Crawled caption data
★ ★ ★ ★ ★ ★ ★

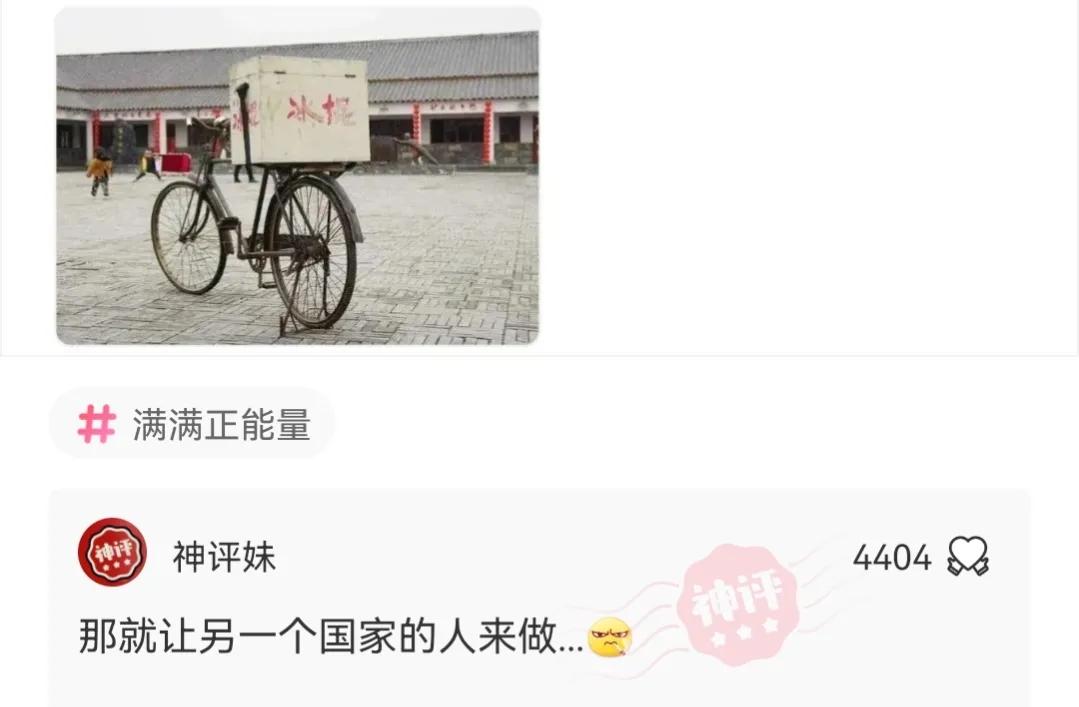 接种疫苗后发现怀孕了能要吗,接种疫苗发现怀孕了能要吗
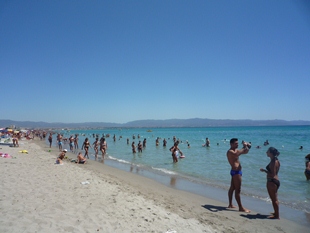 e0122770_02022.jpg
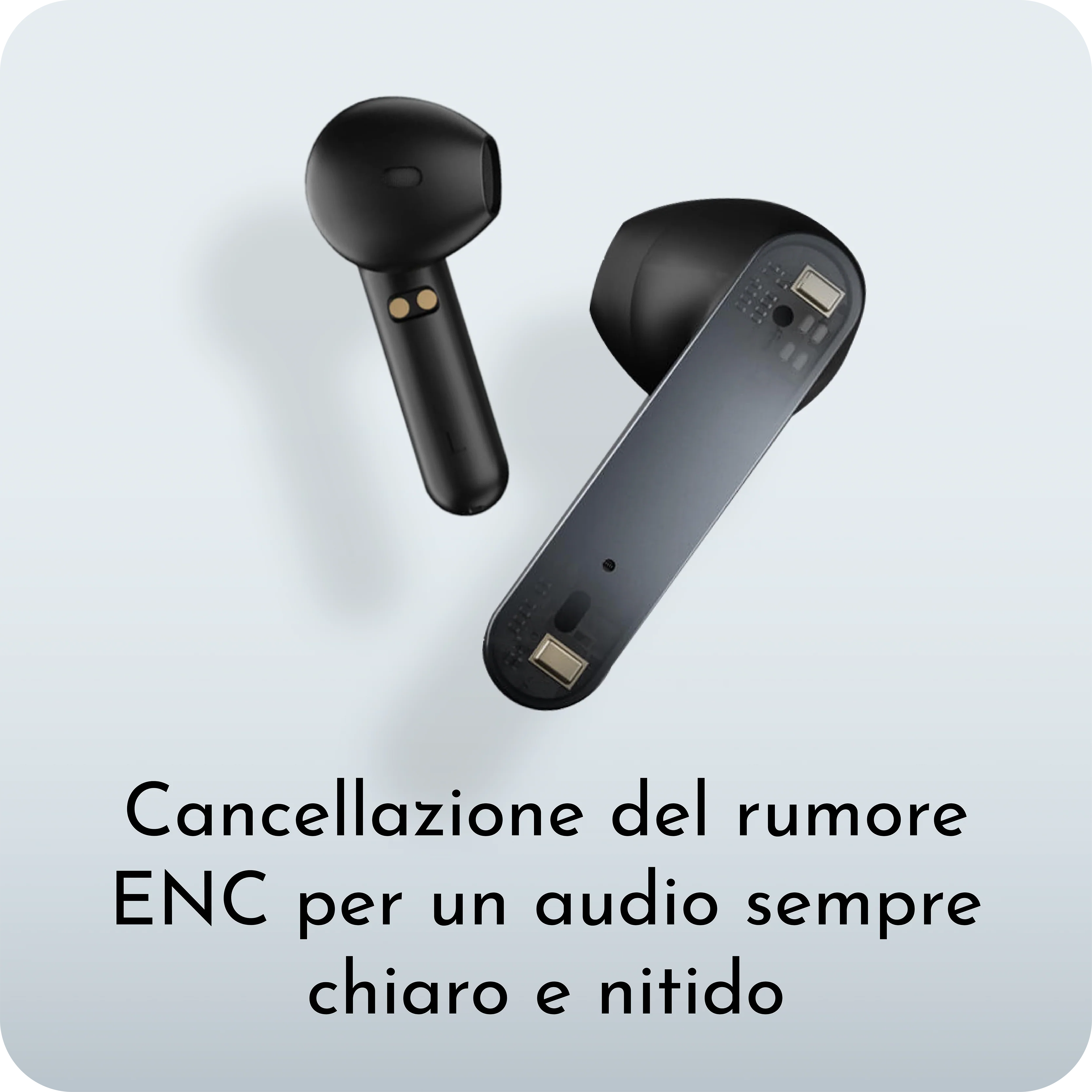 IMIKI Buds Lite | MT1 - Image 4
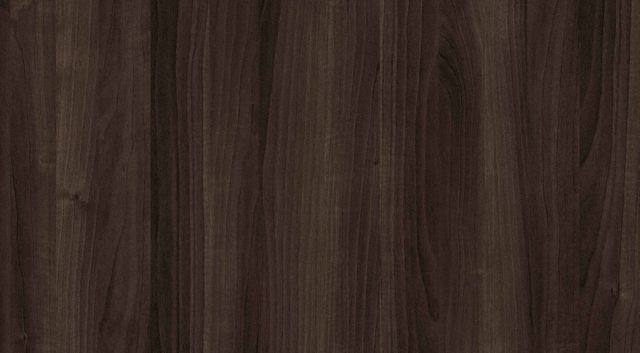 American Walnut Melamine 2750 x 1830 x 16mm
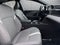 2025 Toyota Camry SE AWD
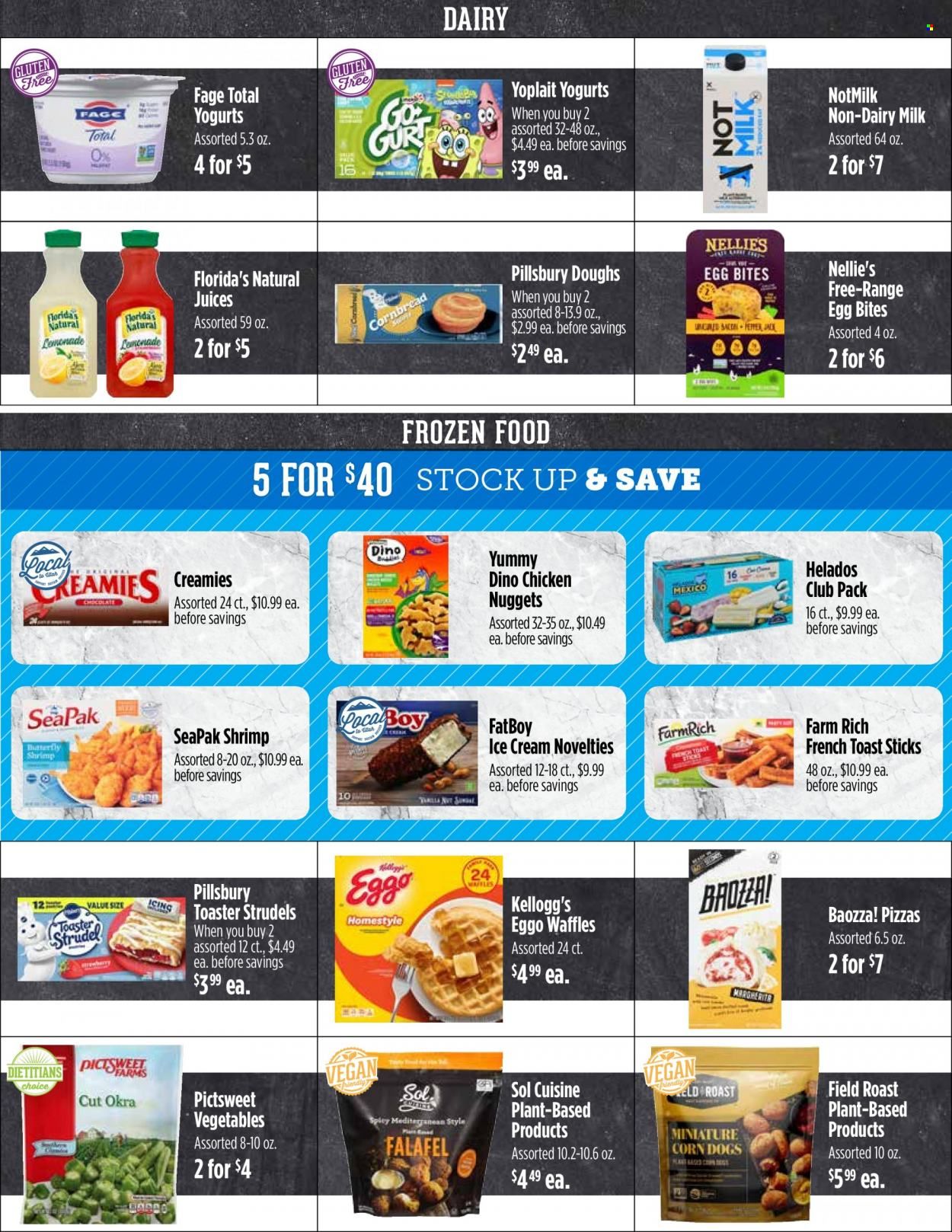 Harmons (UT) Weekly Ad Flyer Specials September 13 to September 19, 2022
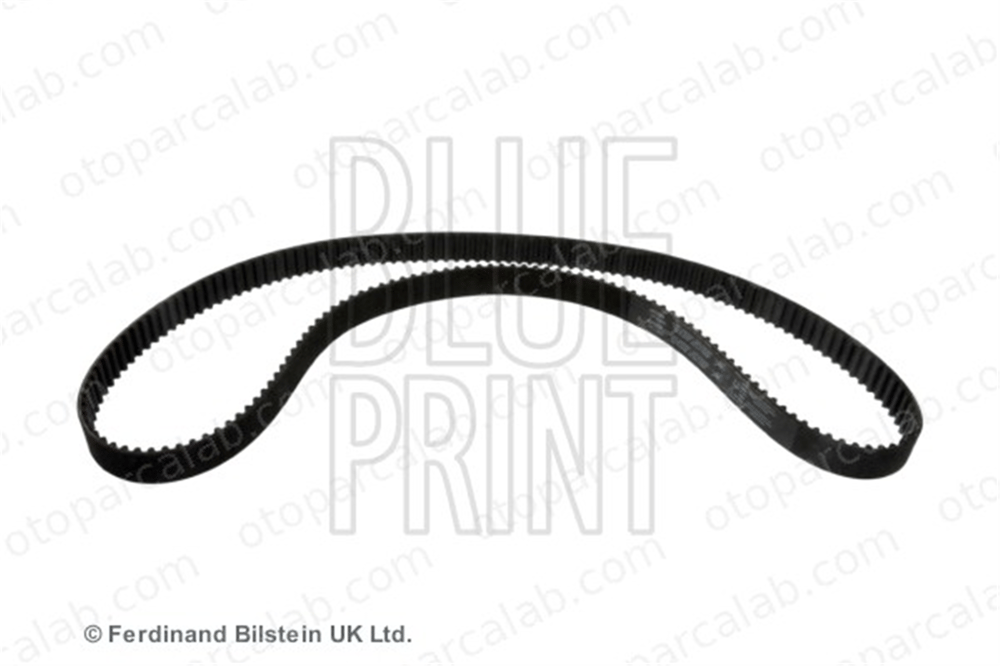 BLUE PRINT ADT37526 Triger Kayışı TOYOTA MR2 II CARINA E VI 1356879105 1356888460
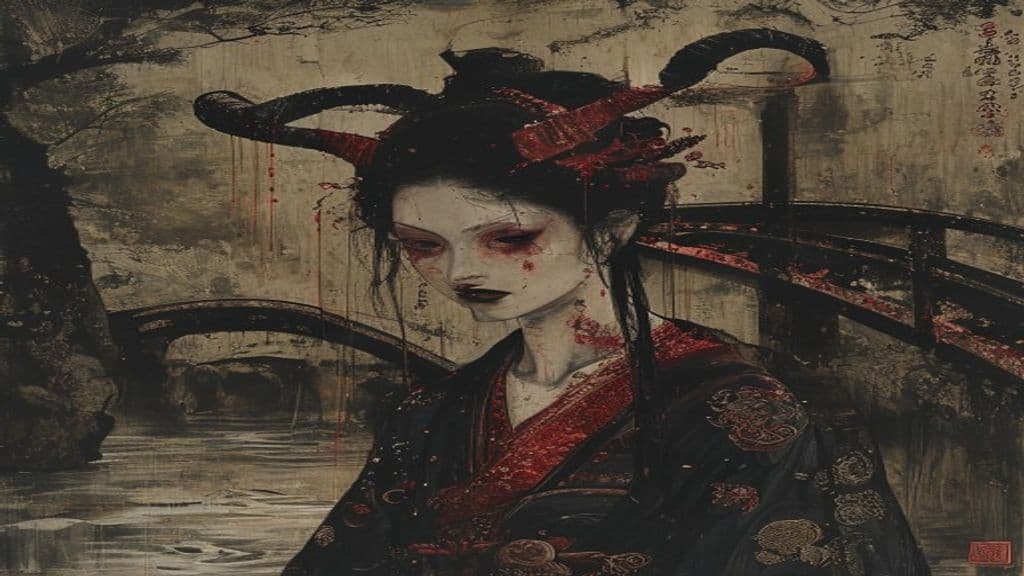 Hashihime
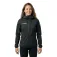 Rock experience Jaqueta softshell Great Roof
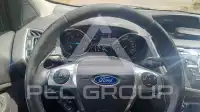 2013 Ford Kuga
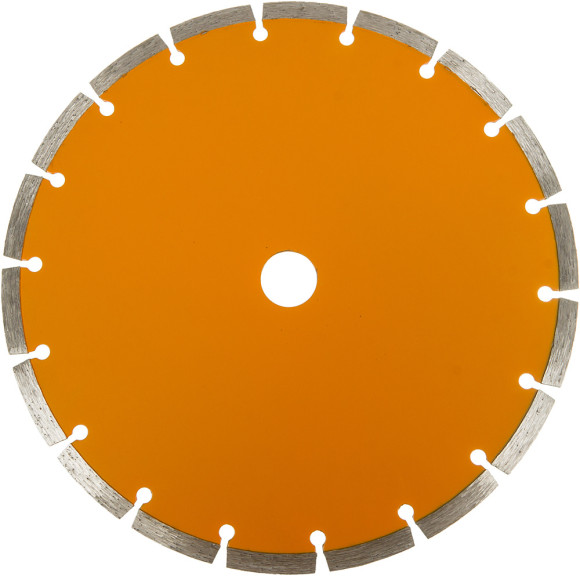 Диск отрезной по бет. Вихрь 73/10/3/5 d=230мм d(посад.)=22.2мм (угловые шлифмашины) Диск отрезной по бет. Вихрь 73/10/3/5 d=230мм d(посад.)=22.2мм (угловые шлифмашины)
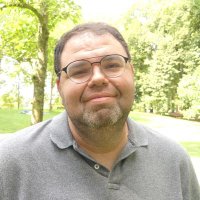 Pierre André Lanoizelé (@lanoizelepierre) 's Twitter Profile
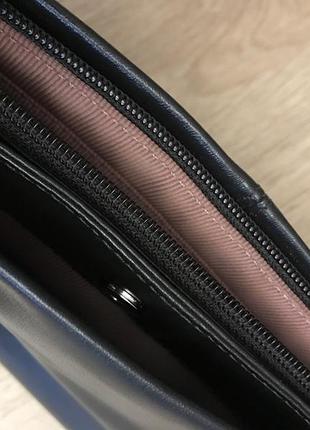 Сумка radley,шкіра 100%. 5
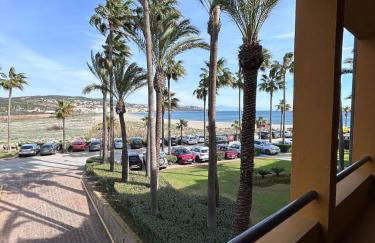 Puerto Sotogrande con vistas al mar - Foto 4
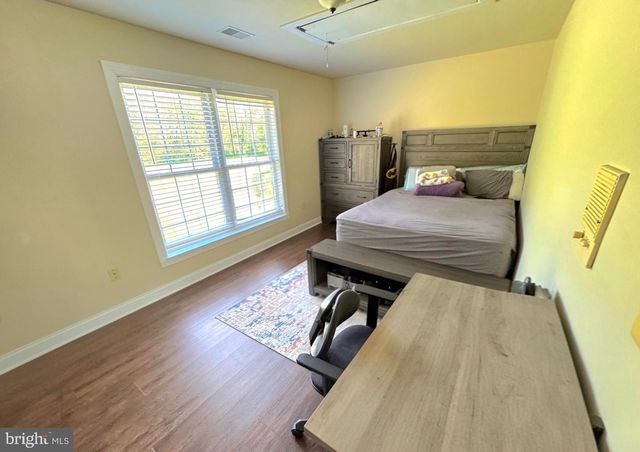 16619 PEACH ST, Bowie, MD 20716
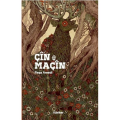Çîn û Maçîn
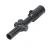 3083x3083_product_media_45001-46000_Hornet_1_6x24_1-j.webp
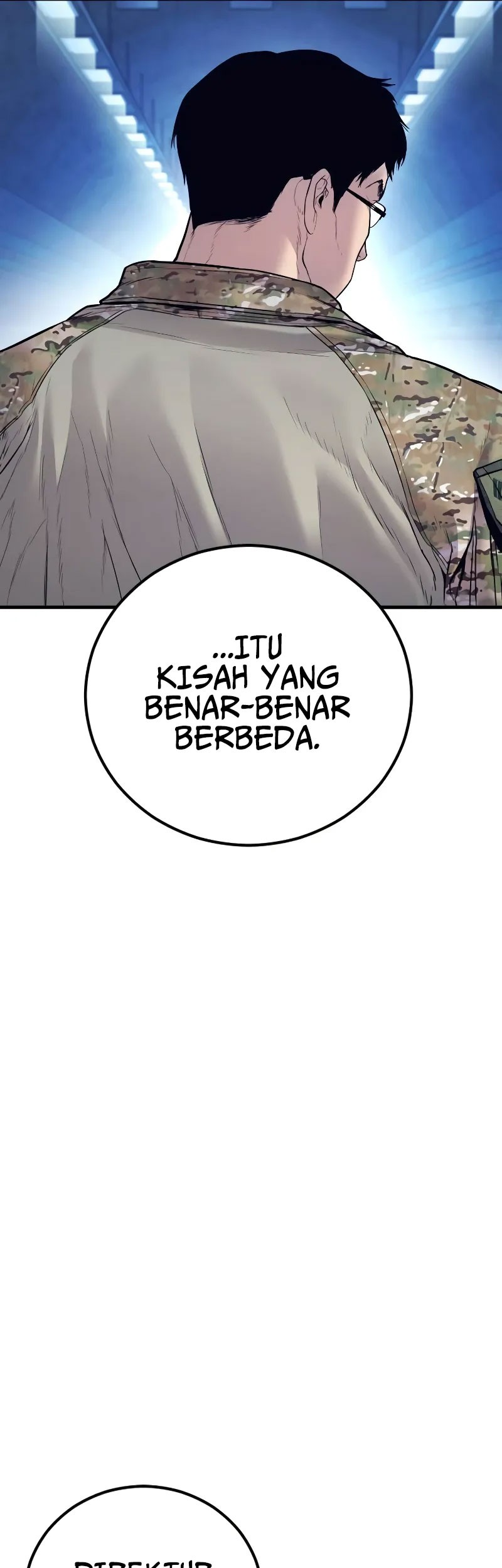 Halaman 89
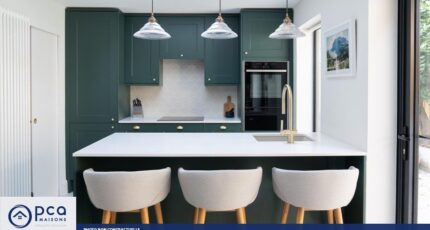 Fox-Amphoux Maison neuve - 2312965-10025annonce620251021DwXN5.jpeg PCA Maisons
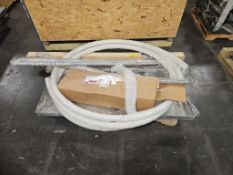 Pallet Of MRO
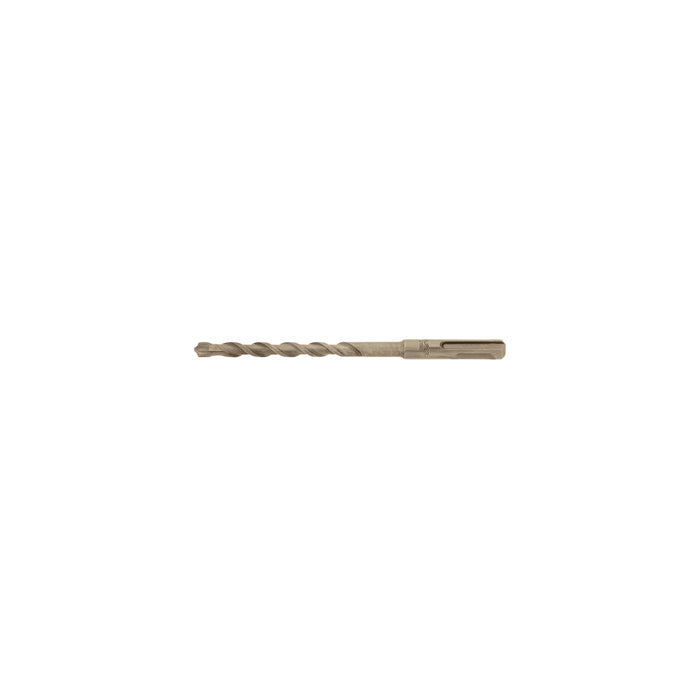 Broca SDS Plus 5/16 x 6', TRUPER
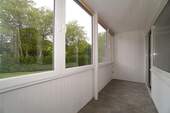Wintergarten-Loggia - 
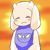 Toriel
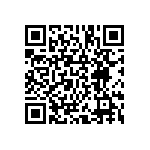 BCS-140-L-D-PE-004 QRCode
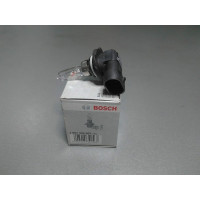 Лампа HB3 12V 60W P20D, BOSCH, HB3
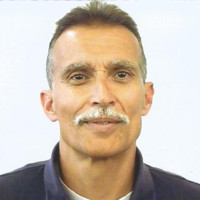 Edmund Desoto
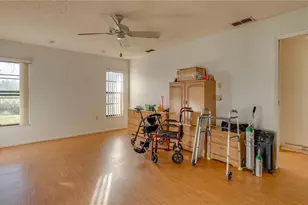 10733 Fallen Leaf Ln, Port Richey, FL 34668 - Photo 35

★ ★ ★ ★ ★ ★ ★

**PROBLEM**: Produce an exact copy of every line above, with the images left out.

**RESPONSE TO THIS EXERCISE**:
 接种疫苗后发现怀孕了能要吗,接种疫苗发现怀孕了能要吗
 e0122770_02022.jpg
 IMIKI Buds Lite | MT1 - Image 4
 American Walnut Melamine 2750 x 1830 x 16mm
 2025 Toyota Camry SE AWD
 Harmons (UT) Weekly Ad Flyer Specials September 13 to September 19, 2022
 BLUE PRINT ADT37526 Triger Kayışı TOYOTA MR2 II CARINA E VI 1356879105 1356888460
 Hashihime
 Rock experience Jaqueta softshell Great Roof
 2013 Ford Kuga
 Диск отрезной по бет. Вихрь 73/10/3/5 d=230мм d(посад.)=22.2мм (угловые шлифмашины) Диск отрезной по бет. Вихрь 73/10/3/5 d=230мм d(посад.)=22.2мм (угловые шлифмашины)
 Pierre André Lanoizelé (@lanoizelepierre) 's Twitter Profile
 Сумка radley,шкіра 100%. 5
 Puerto Sotogrande con vistas al mar - Foto 4
 16619 PEACH ST, Bowie, MD 20716
Çîn û Maçîn
 3083x3083_product_media_45001-46000_Hornet_1_6x24_1-j.webp
 Halaman 89
 Fox-Amphoux Maison neuve - 2312965-10025annonce620251021DwXN5.jpeg PCA Maisons
 Pallet Of MRO
 Broca SDS Plus 5/16 x 6', TRUPER
Wintergarten-Loggia - 
 Toriel
 BCS-140-L-D-PE-004 QRCode
 Лампа HB3 12V 60W P20D, BOSCH, HB3
 Edmund Desoto
 10733 Fallen Leaf Ln, Port Richey, FL 34668 - Photo 35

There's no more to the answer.